Assigned task:
Print, exactly as they stand, the lines below from the one that has "kitchen with decorative" to the one that has "Ein modernes Haus", inclusive, leaving out the pictures.

[Opening Data extract section]

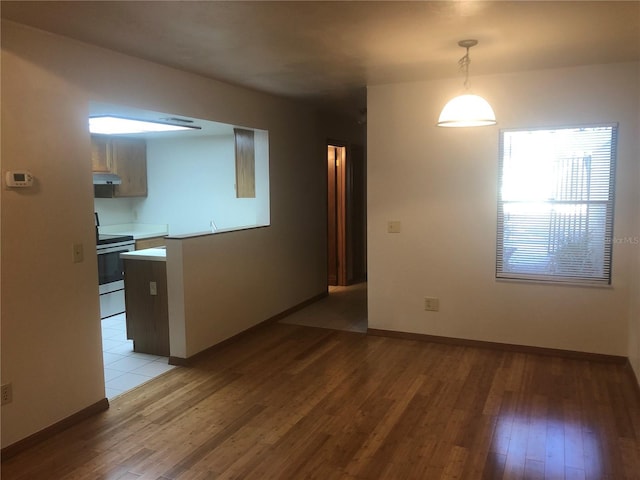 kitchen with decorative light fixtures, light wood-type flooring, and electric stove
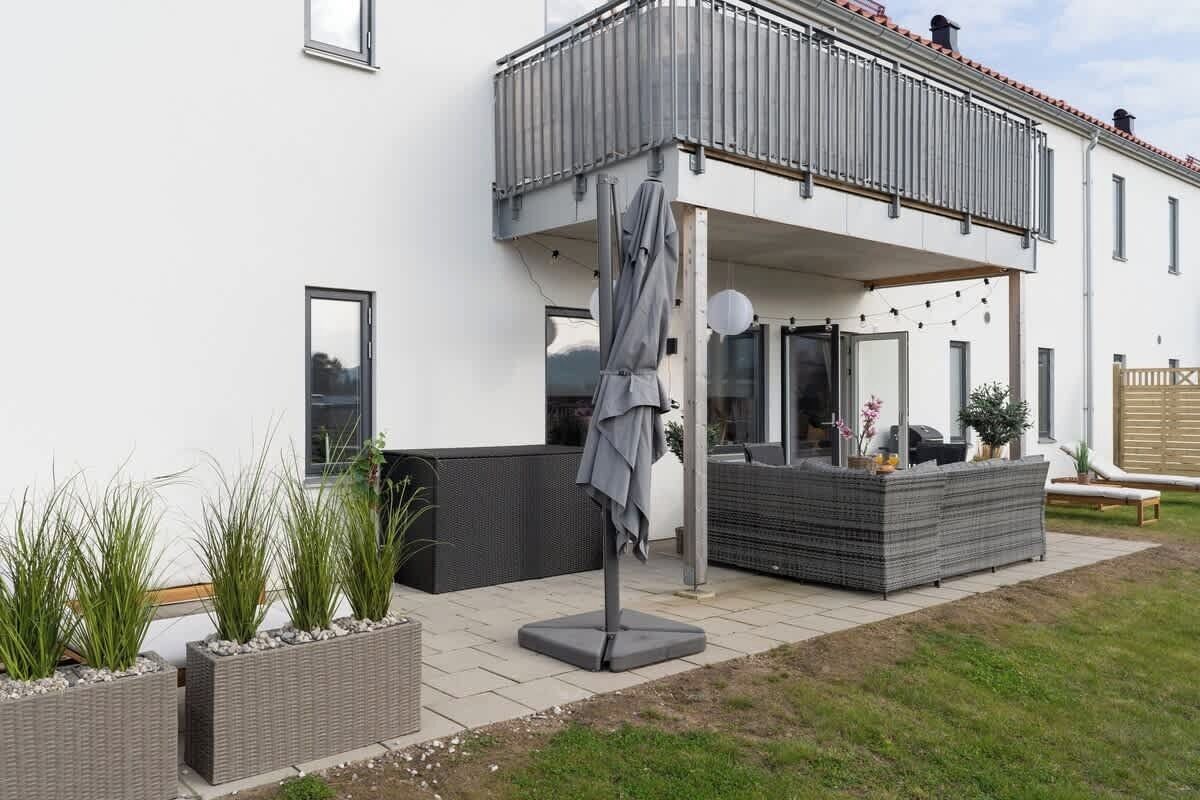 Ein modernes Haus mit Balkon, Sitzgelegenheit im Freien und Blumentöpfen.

[Closing Data extract section]
[Opening Data extract section]

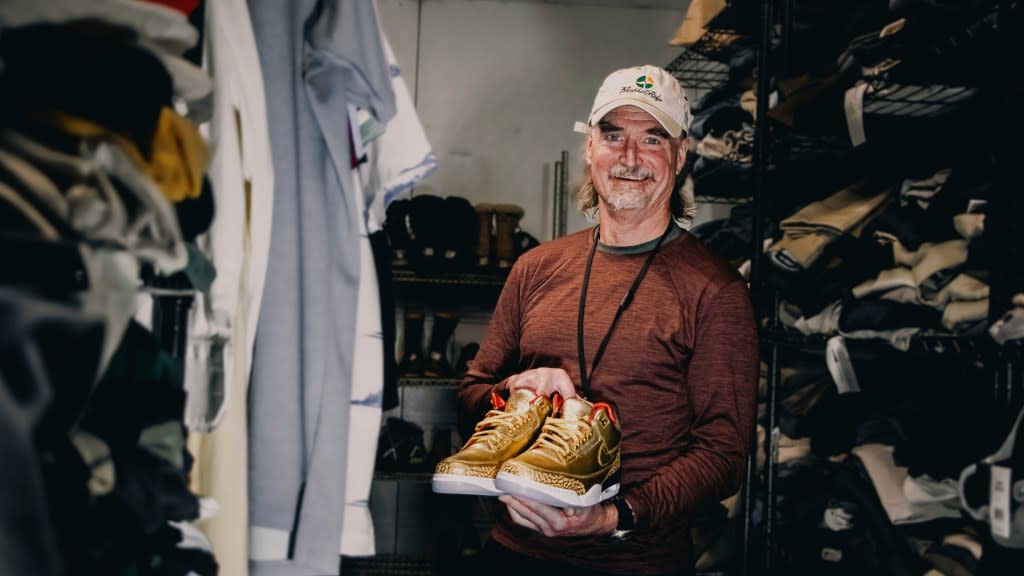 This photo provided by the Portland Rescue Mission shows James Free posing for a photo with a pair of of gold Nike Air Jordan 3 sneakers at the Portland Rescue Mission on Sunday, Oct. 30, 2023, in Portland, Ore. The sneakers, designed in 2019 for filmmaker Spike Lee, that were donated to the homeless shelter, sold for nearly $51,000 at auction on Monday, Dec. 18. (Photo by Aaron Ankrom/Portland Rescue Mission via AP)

[Closing Data extract section]

Reply:
 kitchen with decorative light fixtures, light wood-type flooring, and electric stove
 Ein modernes Haus mit Balkon, Sitzgelegenheit im Freien und Blumentöpfen.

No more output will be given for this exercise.